Camporeale, nota anche come “città del vino e del legno”, è profondamente ancorata alle tradizioni culturali legate a questi due elementi, e la storia di questo piccolo comune dell’entroterra palermitano, in un’area popolata sin dall’antichità da Greci, Punici, Romani, Bizantini, Arabi e Normanni, affonda le sue radici nelle tre maggiori coltivazioni che raccontano la storia del Mediterraneo: la produzione di frumento, quella olivicola e quella vitivinicola, con eccellenze note ed apprezzate a livello internazionale.
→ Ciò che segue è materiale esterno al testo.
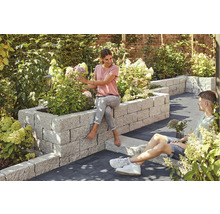 Jardin avec parterre surélevé en pierre, planté de fleurs, sur lequel une femme est assise, tandis qu''un homme est assis par terre à côté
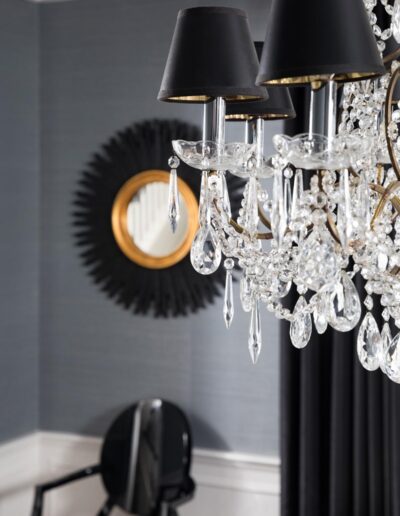 Crystal and gold chandelier with small black lampshades in a room with dark wall paper, curtains, and black furniture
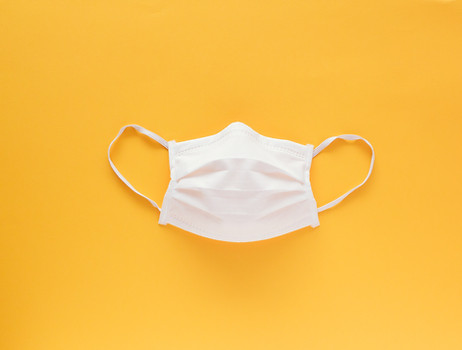 isolated-face-mask-middle-yellow-backgro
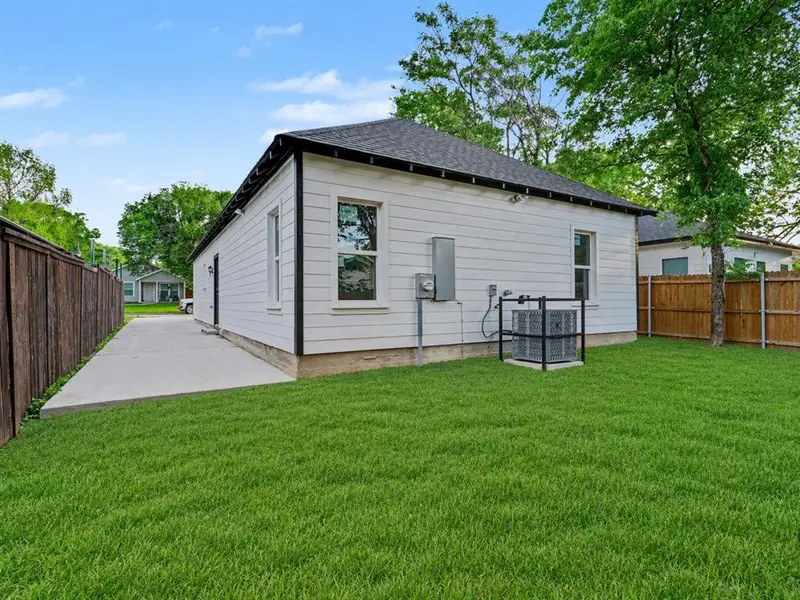 Expansive green lawn bordering a concrete driveway leading to the rear entrance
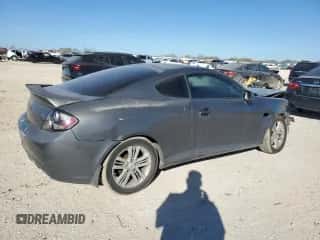 2007 Hyundai Tiburon GS с VIN KMHHM66D07U255007, выставлен на аукционе Copart как лот 87048324 с пробегом 194 935 миль миль и Списание • Salvage title. История ставок и продаж доступна на DreamBid. Изображение 3.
Intorno a queste risorse si è evoluto il tessuto urbano e obiettivo dei Camporeale Days è proprio quello di raccontarle e promuoverle.
La manifestazione è rivolta a chi cerca produzioni agroalimentari e artigianali di nicchia, agli appassionati del turismo sostenibile e dei metodi di produzione tradizionali, biologici e salutari, a giornalisti e operatori del settore.
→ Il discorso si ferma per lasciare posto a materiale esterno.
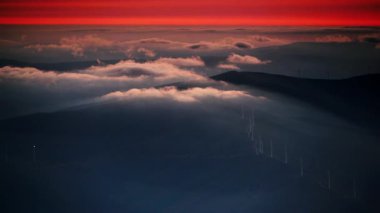 Rüzgar türbinleri gün batımında bulutların üzerinde. Portekiz 'deki Torre Dağı tepesinden Serra da Estrela' nın görüntüsü.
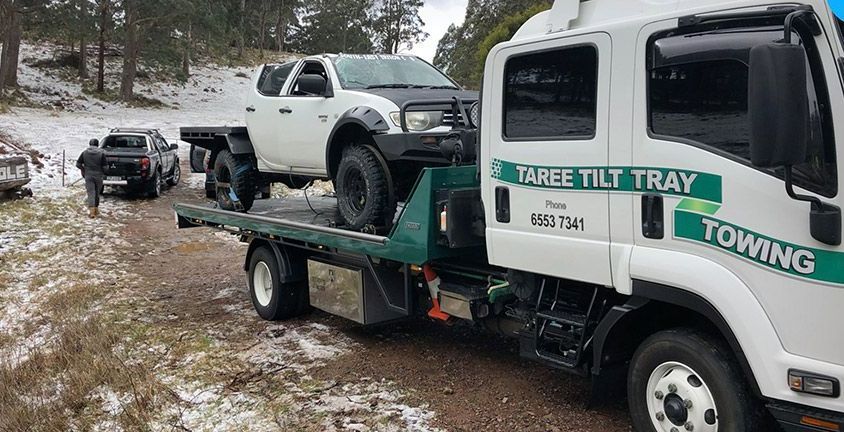 A Tow Truck is Towing a White Truck and a Black Truck — Taree Tilt Tray Towing In Taree, NSW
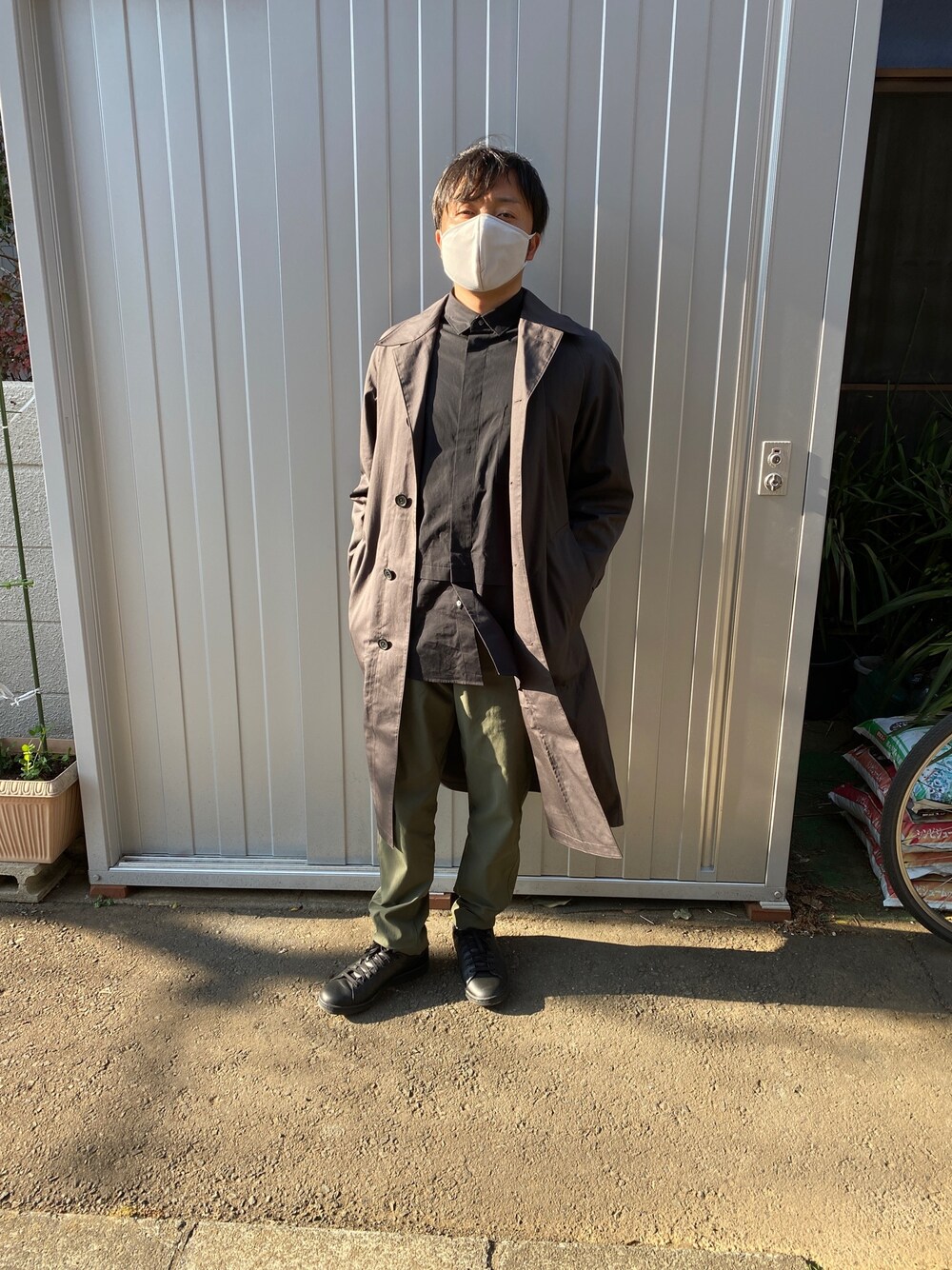 ブラック系のシャツ/ブラウス、ブラック系のスニーカー、グレー系のステンカラーコートを着用したメンズの冬コーディネートの1枚目の写真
Ed eccomi finalmente a Camporeale. Lungo la strada tutta in salita verso il villaggio espositivo, nel corso principale del paese, incontro una mostra di moto e auto d'epoca. Sono stupita dall’organizzazione che appare impeccabile e dalla moltitudine di gente accorsa da Palermo e non solo. Si respira un’aria antica, intimamente amica, ridesta i ricordi dell’infanzia, ed è anche una bella giornata ottobrina. Il paese si mostra in tutta la sua vetusta semplicità, le case, tutte in fila le une accanto alle altre, sono antiche, basse e attorniate da pochi punti di riferimento: una chiesa, un bar e il belvedere. Le uniche attrazioni sono il Palazzo del Principe, il Museo Camporeale e il Santuario della Madonna dei Peccatori. Insomma, davvero poco per le straordinarie vallate che si ammirano dal lungo belvedere, dove lo sguardo cede al sogno. Ci accoglie il magnifico Baglio del Palazzo del Principe, sembra quasi vestito a festa, appare imponente.
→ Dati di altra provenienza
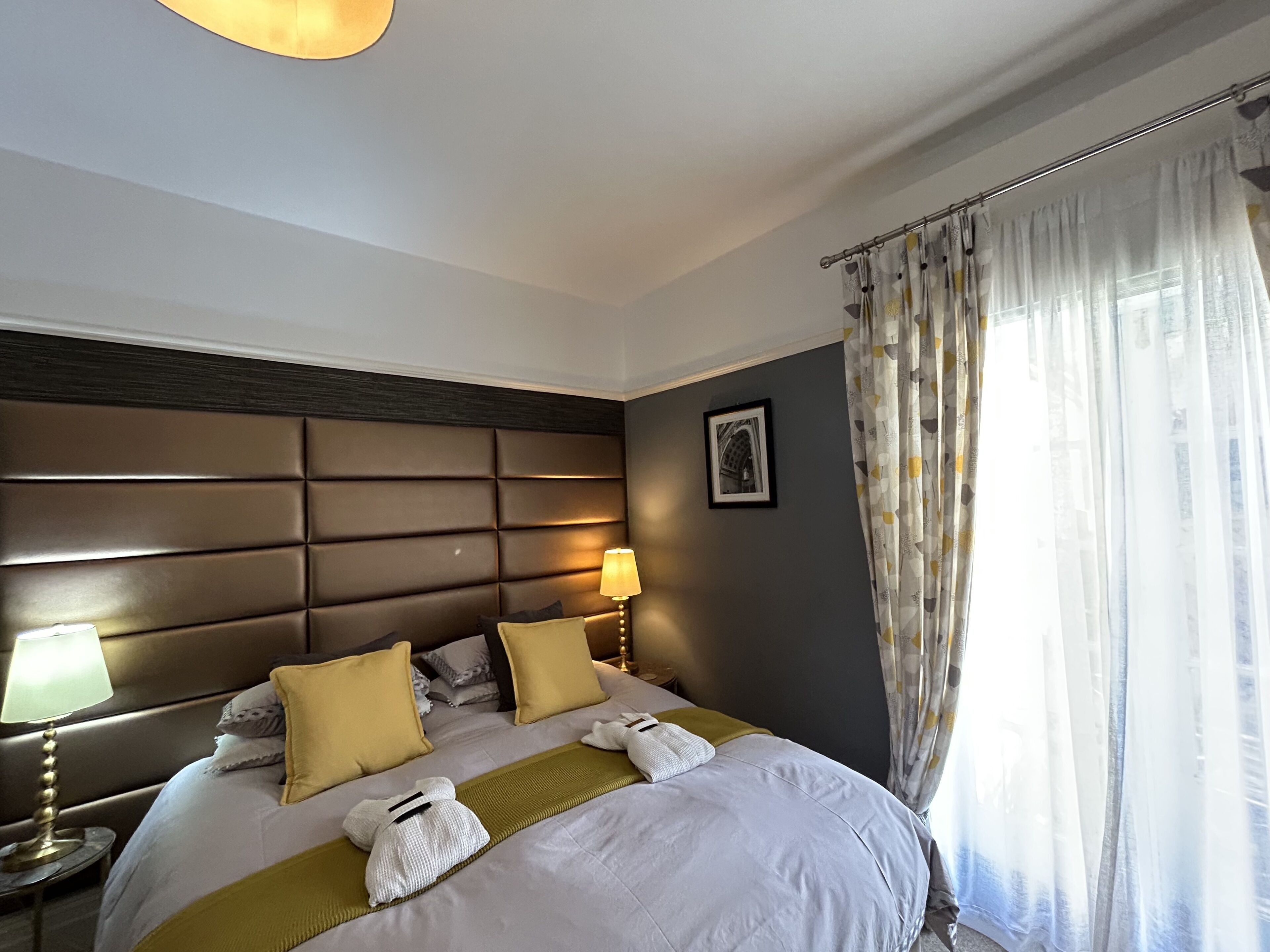 Ein Hotelzimmer mit einem großen Bett, einem Kopfteil, einem Nachttisch mit Lampe und einem Fenster mit Vorhängen.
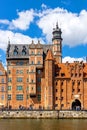 Mariacka Gate and Archeological Museum along the Hanseatic houses pier at Motlawa river embankment in old town city center in Royalty Free Stock Photo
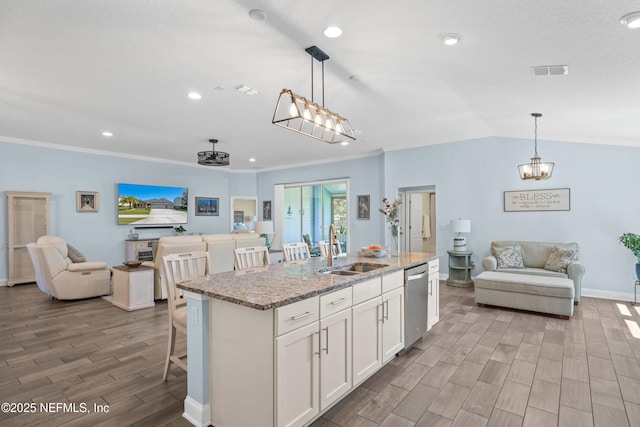 116 Providence Dr, Saint Augustine, FL 32092 - kitchen featuring open floor plan, visible vents, a sink, and dishwasher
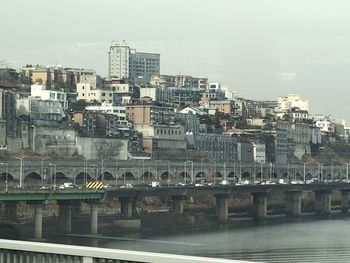 Buildings by river against sky in city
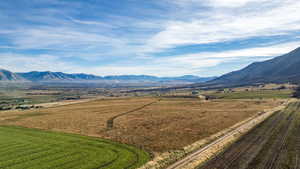 View of mountain backdrop featuring rural landscape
Nelle varie isole tematiche ho potuto degustare apprezzabili vini e altri prodotti gastronomici come le marmellate, il miele e naturalmente pane e olio. Tanti i giovani camporealesi coinvolti nella manifestazione, molto sentita perché su quei punti espositivi raccontavano le loro fatiche, la storia delle loro terre, ma anche i successi ottenuti dalle loro aziende per l’intuizione di avere preferito coltivazioni biologiche. Sono giovani tutti d’un pezzo, che credono nella libertà come una conquista, hanno scelto di restare nel loro paese natio e stanno investendo la loro vita e le loro competenze lì dove sono nati. E mirano al lavoro per vivere e non viceversa. Alcuni mi hanno raccontato la loro storia, si sono laureati in Economia e Marketing, altri in Agraria e hanno deciso di spendere le loro professionalità nelle terre di famiglia, facendole diventare produttive e fonte di vita e lavoro. Come non provare ammirazione? In un’isola dove tutto sembra morto, dove l’unica speranza è quella di andare via, un paese di tremila abitanti circa offre una bella lezione di vita, di rinascita, di sano ottimismo. Certo non è sempre facile, non è una favola, i problemi ci sono e sono tanti, tuttavia la scelta di rimanere li onora e ci richiama alle buone iniziative, al saper fare, a costruire. Nel tempo della tecnologia, dove tutto è virtuale, perfino le amicizie, la visita a Camporeale è stata un ricongiungersi con la verità, con la natura, con antichi profumi, con il cibo genuino, salutare, biologico appunto. E con gente spontanea, dai sentimenti semplici, ma con l’intelligenza tipica di chi ha imparato da sé.